▶ [Exercise directions]: Give back exactly the lines of the material below, starting with the line with "Reversible Outdoor Rug, Waterproof" and going on through the line with "IAB 3-Inch No".

>>>

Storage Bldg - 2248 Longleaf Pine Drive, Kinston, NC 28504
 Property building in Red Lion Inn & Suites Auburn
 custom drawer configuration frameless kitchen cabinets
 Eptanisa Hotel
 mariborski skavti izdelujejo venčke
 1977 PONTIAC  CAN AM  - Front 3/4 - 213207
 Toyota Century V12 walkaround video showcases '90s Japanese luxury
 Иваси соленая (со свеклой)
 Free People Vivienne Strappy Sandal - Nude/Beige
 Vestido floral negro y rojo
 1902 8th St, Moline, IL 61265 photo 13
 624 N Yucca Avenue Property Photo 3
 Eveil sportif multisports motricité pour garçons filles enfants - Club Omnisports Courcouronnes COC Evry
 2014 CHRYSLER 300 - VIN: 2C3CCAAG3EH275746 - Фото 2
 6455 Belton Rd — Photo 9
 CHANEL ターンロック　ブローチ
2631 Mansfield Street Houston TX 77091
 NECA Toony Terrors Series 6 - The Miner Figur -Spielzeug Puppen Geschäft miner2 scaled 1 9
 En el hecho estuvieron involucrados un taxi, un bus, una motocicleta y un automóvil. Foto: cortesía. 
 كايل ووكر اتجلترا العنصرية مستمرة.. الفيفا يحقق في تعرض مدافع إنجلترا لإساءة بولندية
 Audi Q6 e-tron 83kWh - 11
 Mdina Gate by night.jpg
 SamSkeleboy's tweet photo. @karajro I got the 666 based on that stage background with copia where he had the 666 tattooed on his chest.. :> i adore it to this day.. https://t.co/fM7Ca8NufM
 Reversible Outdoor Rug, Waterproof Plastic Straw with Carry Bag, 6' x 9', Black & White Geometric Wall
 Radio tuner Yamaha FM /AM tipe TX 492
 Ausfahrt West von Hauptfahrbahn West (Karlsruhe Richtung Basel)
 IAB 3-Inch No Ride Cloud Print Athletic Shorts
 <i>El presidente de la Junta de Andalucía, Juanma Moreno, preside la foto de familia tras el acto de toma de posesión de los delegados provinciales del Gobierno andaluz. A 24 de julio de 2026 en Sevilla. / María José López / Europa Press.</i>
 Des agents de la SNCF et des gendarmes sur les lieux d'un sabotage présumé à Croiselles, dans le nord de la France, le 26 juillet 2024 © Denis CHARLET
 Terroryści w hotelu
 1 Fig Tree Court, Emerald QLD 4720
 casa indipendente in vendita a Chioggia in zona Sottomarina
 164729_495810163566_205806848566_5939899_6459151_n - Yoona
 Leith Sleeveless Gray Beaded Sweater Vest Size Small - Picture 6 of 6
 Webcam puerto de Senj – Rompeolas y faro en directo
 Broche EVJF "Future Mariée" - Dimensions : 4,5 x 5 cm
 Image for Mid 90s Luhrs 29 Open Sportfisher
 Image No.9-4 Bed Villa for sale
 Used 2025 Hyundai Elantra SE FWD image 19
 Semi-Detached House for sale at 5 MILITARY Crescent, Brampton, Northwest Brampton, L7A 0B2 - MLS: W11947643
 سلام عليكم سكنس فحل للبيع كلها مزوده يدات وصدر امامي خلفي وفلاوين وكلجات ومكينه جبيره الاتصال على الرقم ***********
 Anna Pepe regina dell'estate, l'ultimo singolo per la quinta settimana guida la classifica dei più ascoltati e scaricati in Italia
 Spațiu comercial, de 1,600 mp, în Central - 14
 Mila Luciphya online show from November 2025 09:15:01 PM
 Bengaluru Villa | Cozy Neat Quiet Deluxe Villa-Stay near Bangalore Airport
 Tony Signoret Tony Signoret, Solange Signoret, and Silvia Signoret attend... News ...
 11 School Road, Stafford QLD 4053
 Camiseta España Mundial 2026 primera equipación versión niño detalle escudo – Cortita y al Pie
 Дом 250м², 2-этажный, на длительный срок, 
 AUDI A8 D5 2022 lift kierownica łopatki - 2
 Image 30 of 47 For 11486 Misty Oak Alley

<<<

▶ [Result for this exercise]:
 Reversible Outdoor Rug, Waterproof Plastic Straw with Carry Bag, 6' x 9', Black & White Geometric Wall
 Radio tuner Yamaha FM /AM tipe TX 492
 Ausfahrt West von Hauptfahrbahn West (Karlsruhe Richtung Basel)
 IAB 3-Inch No Ride Cloud Print Athletic Shorts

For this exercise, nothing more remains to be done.